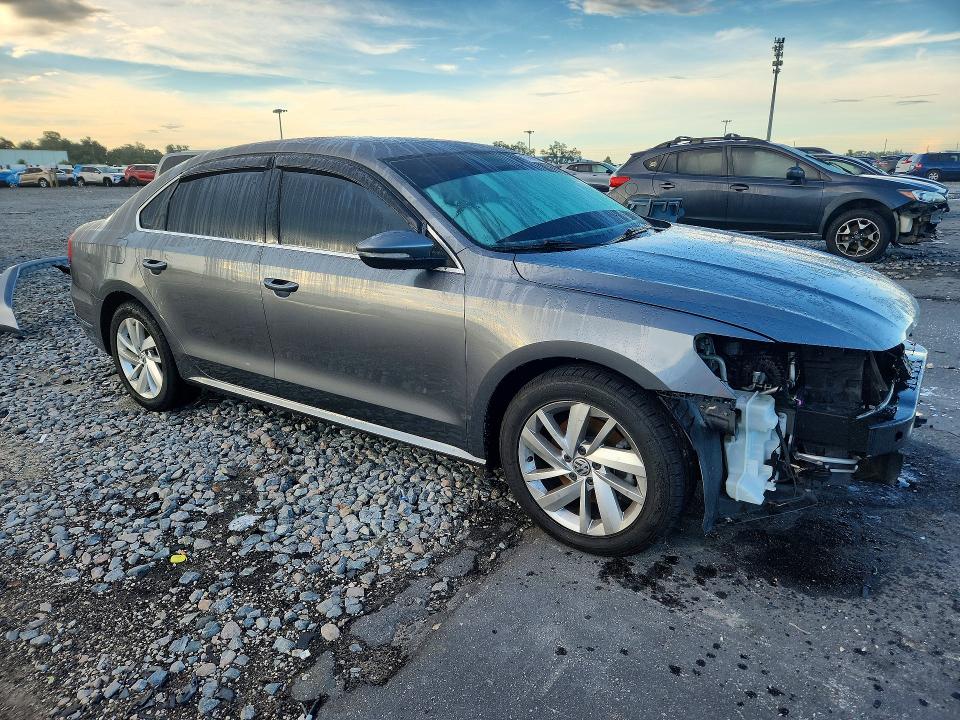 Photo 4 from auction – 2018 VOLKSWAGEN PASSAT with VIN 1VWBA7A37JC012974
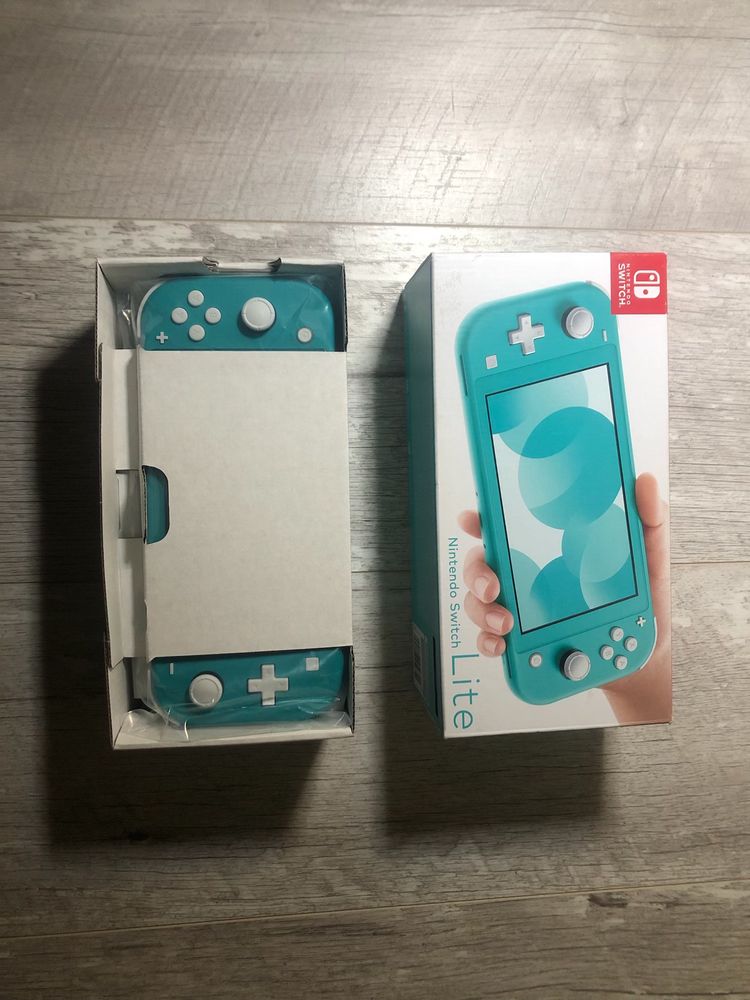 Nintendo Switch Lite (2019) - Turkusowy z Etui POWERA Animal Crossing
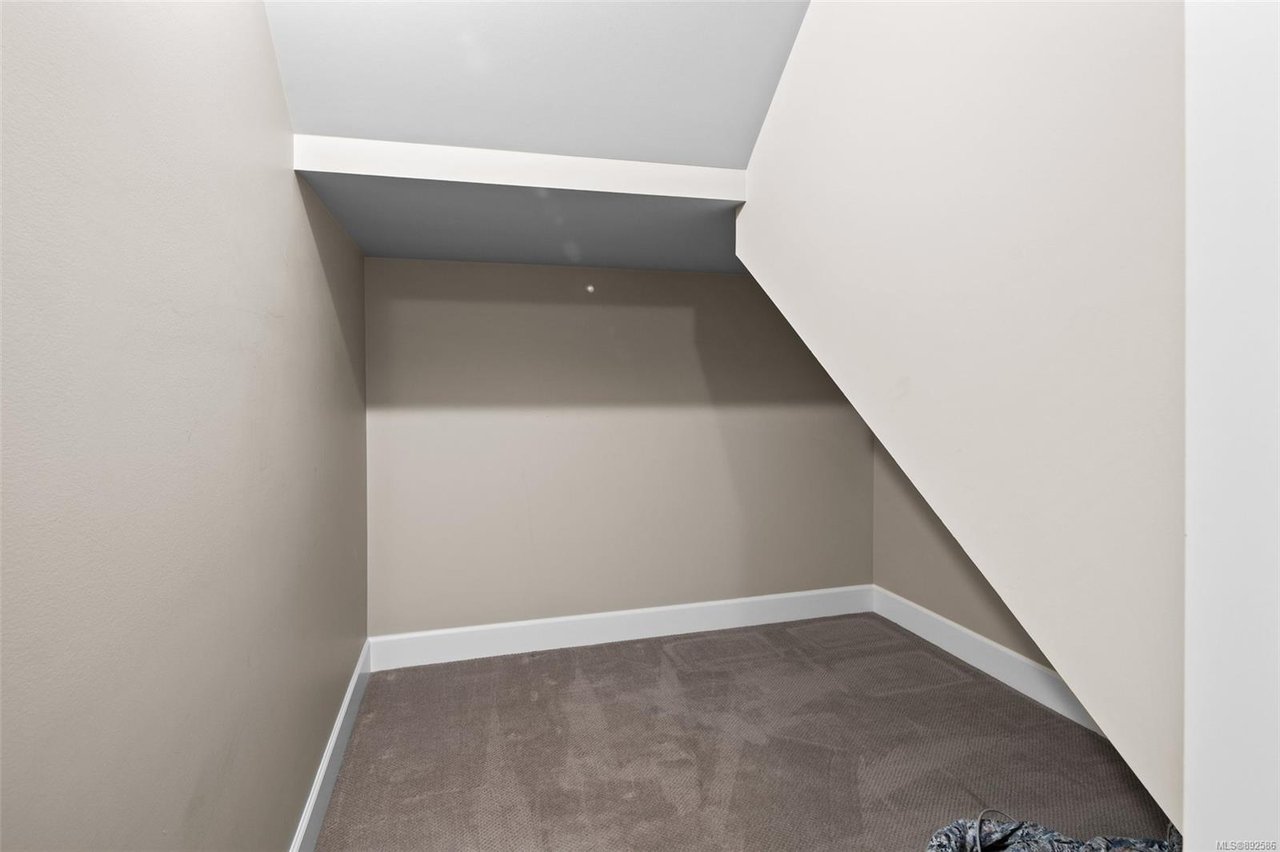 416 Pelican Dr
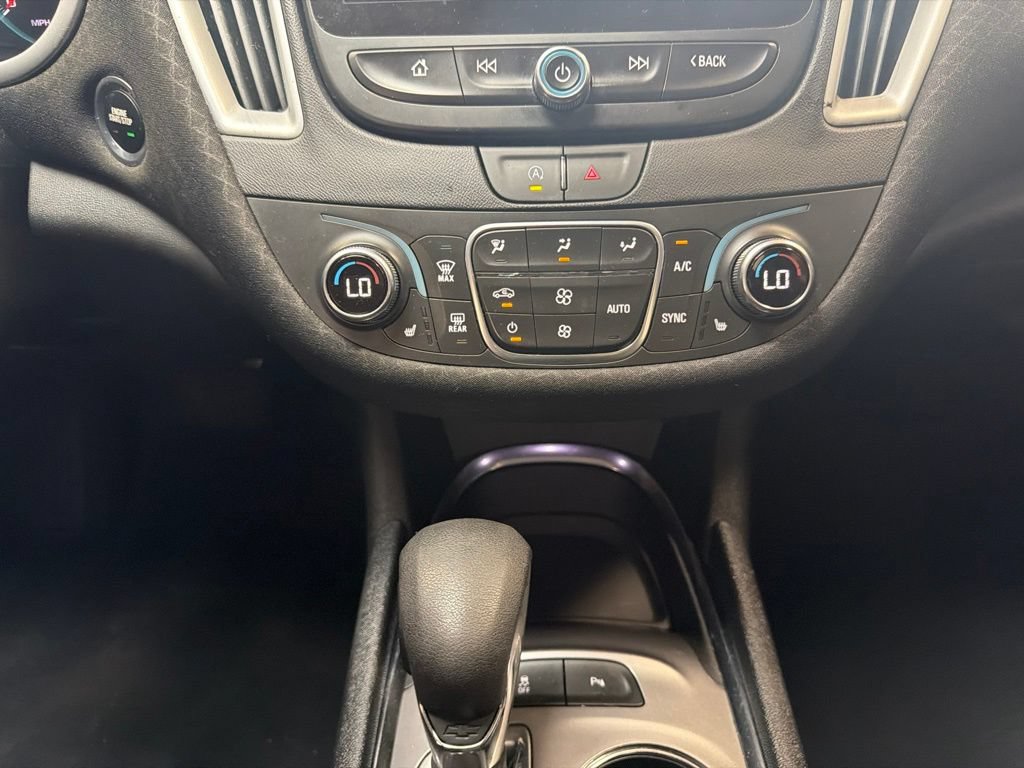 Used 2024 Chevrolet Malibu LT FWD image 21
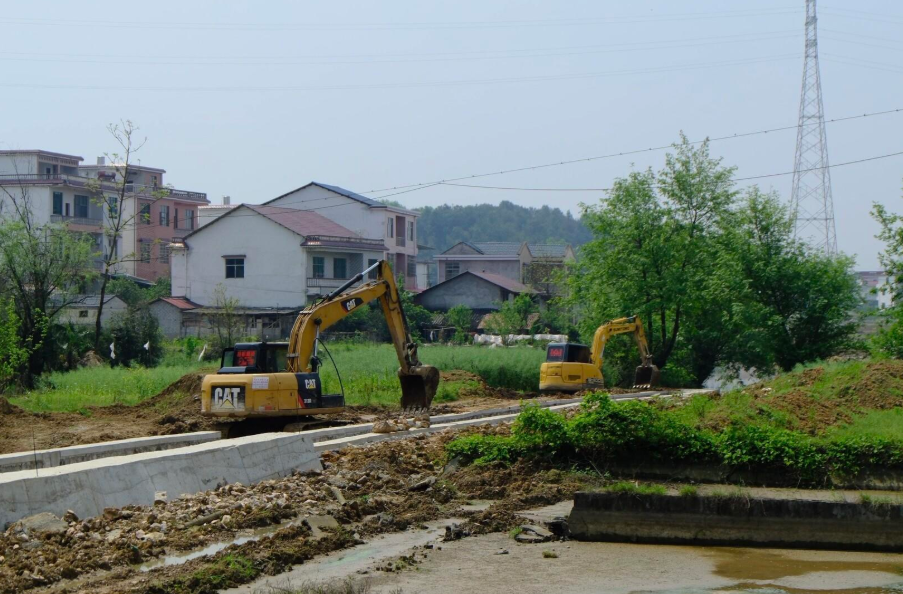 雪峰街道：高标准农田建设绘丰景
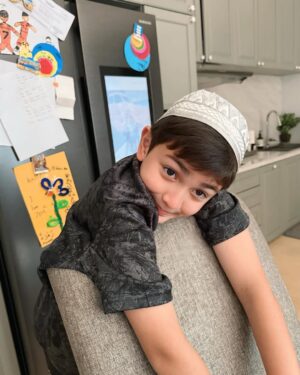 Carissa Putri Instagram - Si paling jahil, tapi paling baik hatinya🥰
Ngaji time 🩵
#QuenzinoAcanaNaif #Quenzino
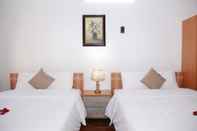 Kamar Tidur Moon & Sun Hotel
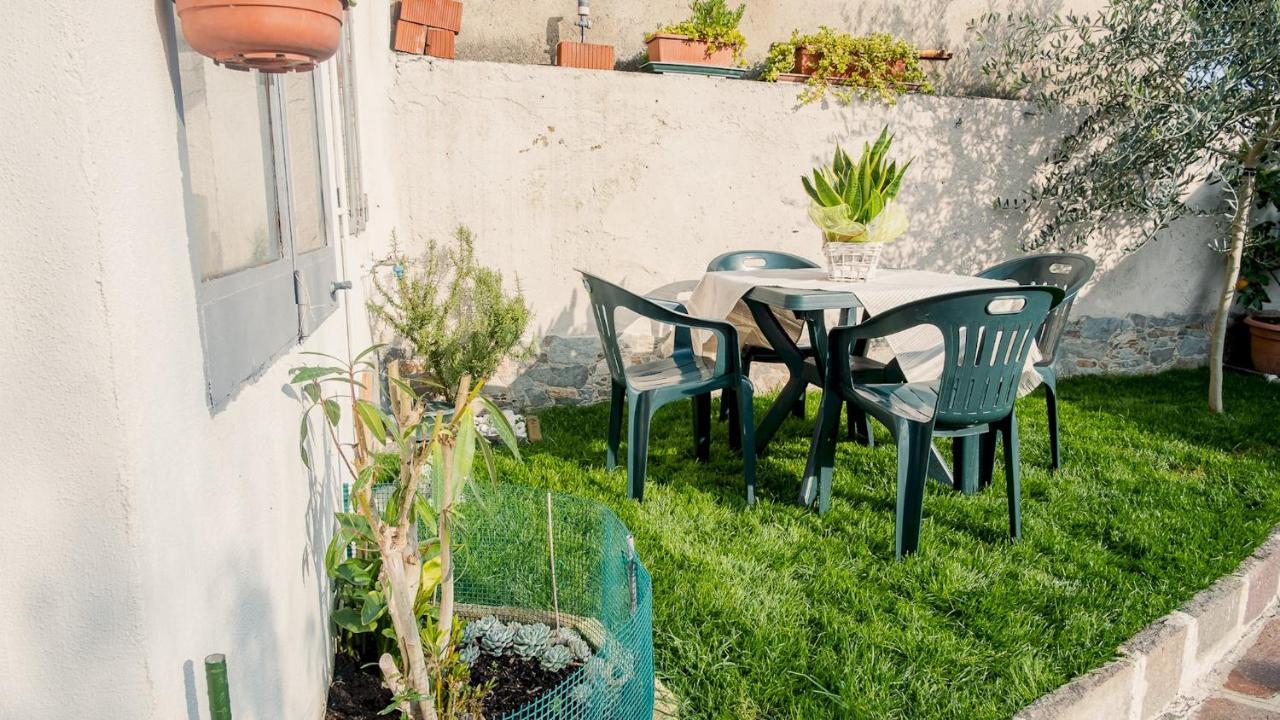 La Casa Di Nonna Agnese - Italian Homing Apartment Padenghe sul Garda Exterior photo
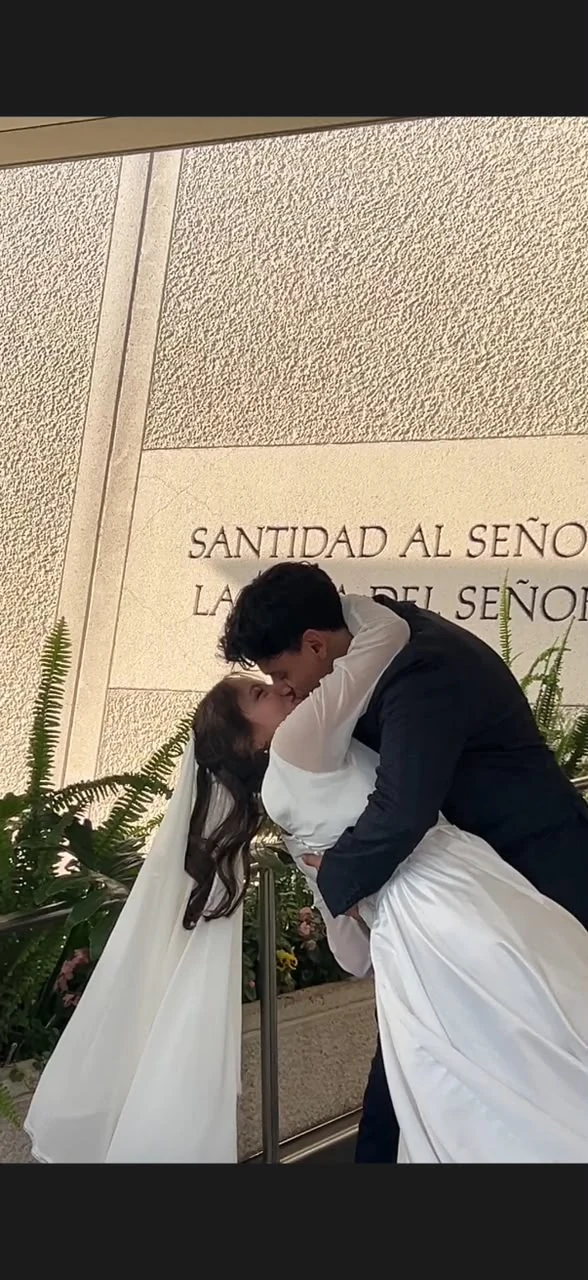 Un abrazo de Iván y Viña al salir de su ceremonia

- - -

TASK DETAILS
Without reproducing any picture, repeat exactly the lines from the one containing "Carissa Putri Instagram" through the last line of the material above, both ends included.

SOLUTION TO THIS PROBLEM
 Carissa Putri Instagram - Si paling jahil, tapi paling baik hatinya🥰
Ngaji time 🩵
#QuenzinoAcanaNaif #Quenzino
 Kamar Tidur Moon & Sun Hotel
 La Casa Di Nonna Agnese - Italian Homing Apartment Padenghe sul Garda Exterior photo
 Un abrazo de Iván y Viña al salir de su ceremonia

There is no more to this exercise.